■ RECORDS FOR PROCESSING
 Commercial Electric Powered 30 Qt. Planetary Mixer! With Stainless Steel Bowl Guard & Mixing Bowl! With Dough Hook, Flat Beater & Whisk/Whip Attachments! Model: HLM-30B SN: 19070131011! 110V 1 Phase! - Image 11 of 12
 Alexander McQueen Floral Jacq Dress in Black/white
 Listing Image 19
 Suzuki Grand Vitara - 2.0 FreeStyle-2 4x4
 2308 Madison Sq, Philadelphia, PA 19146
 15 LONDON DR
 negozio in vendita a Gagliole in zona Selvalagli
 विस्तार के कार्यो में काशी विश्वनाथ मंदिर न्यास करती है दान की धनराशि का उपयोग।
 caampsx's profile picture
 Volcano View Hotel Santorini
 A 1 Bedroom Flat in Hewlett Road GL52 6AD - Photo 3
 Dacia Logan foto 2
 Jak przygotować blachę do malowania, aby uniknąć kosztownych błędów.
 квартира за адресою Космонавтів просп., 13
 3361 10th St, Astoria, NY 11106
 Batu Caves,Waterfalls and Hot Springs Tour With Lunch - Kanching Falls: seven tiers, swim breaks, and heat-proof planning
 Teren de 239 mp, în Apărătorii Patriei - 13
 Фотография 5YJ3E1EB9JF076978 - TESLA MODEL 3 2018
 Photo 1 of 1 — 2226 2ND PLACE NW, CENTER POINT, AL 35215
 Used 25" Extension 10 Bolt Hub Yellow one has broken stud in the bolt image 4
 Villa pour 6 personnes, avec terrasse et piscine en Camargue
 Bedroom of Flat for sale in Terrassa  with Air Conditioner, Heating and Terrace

■ WORK ORDER
After locating the line that contains "Jak przygotować blachę", print that line and every one after it through the last line of the listing, exactly.

■ RESPONSE TO THIS TASK
 Jak przygotować blachę do malowania, aby uniknąć kosztownych błędów.
 квартира за адресою Космонавтів просп., 13
 3361 10th St, Astoria, NY 11106
 Batu Caves,Waterfalls and Hot Springs Tour With Lunch - Kanching Falls: seven tiers, swim breaks, and heat-proof planning
 Teren de 239 mp, în Apărătorii Patriei - 13
 Фотография 5YJ3E1EB9JF076978 - TESLA MODEL 3 2018
 Photo 1 of 1 — 2226 2ND PLACE NW, CENTER POINT, AL 35215
 Used 25" Extension 10 Bolt Hub Yellow one has broken stud in the bolt image 4
 Villa pour 6 personnes, avec terrasse et piscine en Camargue
 Bedroom of Flat for sale in Terrassa  with Air Conditioner, Heating and Terrace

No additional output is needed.